The result should be the listing below restated word for word, with images left out.

::: Information shown :::

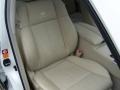 Ivory Pearl - M 35x Sedan Photo No. 23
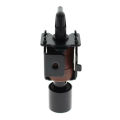 OYPFXMI-EGR Vacuum Switch Valve Solenoid VSV 25860-62010 for Toyota Lexus 3.0L 3.3L V6. 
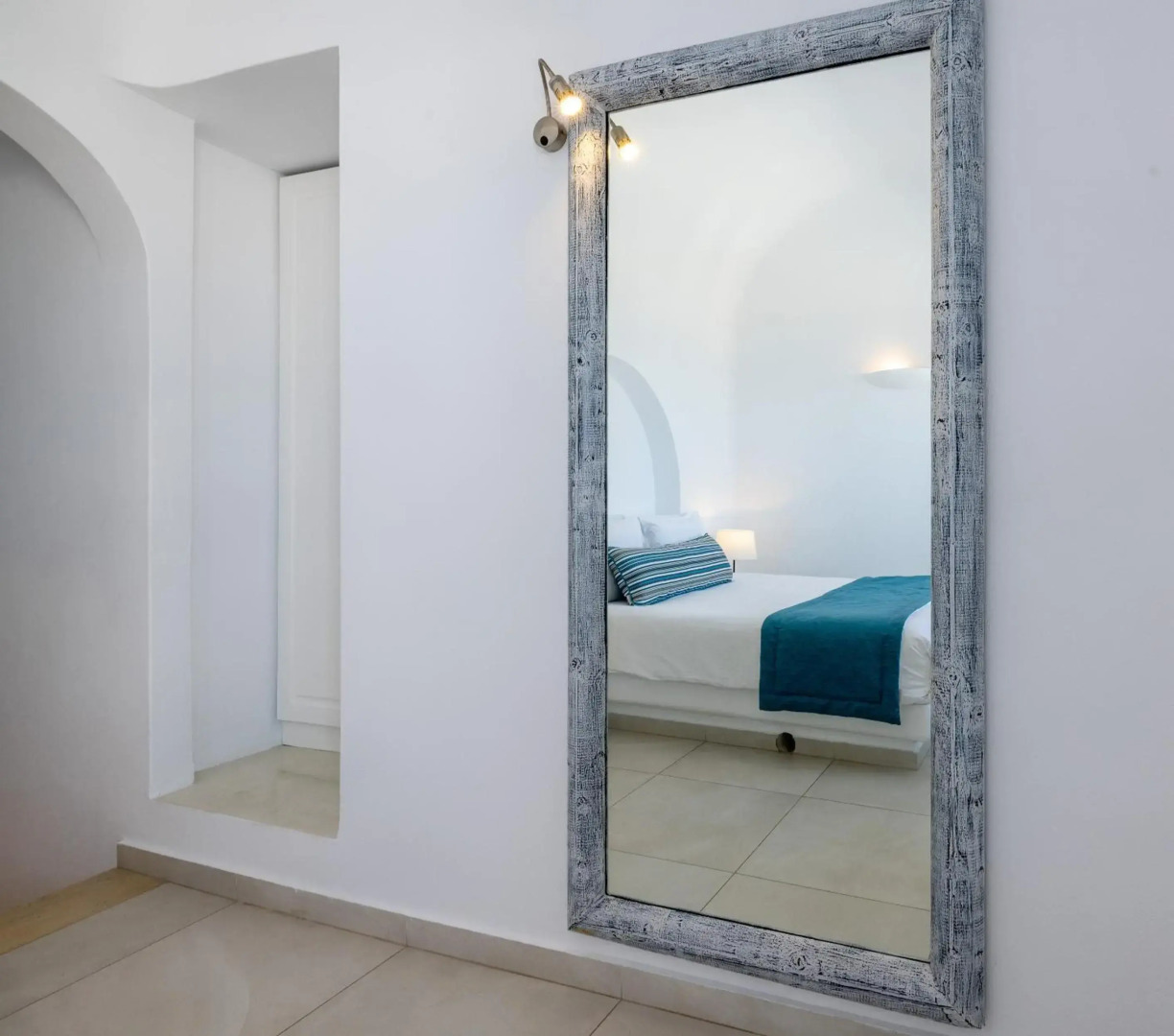 Foto - Amber Light Villas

:::

● **Expected answer**:
 Ivory Pearl - M 35x Sedan Photo No. 23
 OYPFXMI-EGR Vacuum Switch Valve Solenoid VSV 25860-62010 for Toyota Lexus 3.0L 3.3L V6. 
 Foto - Amber Light Villas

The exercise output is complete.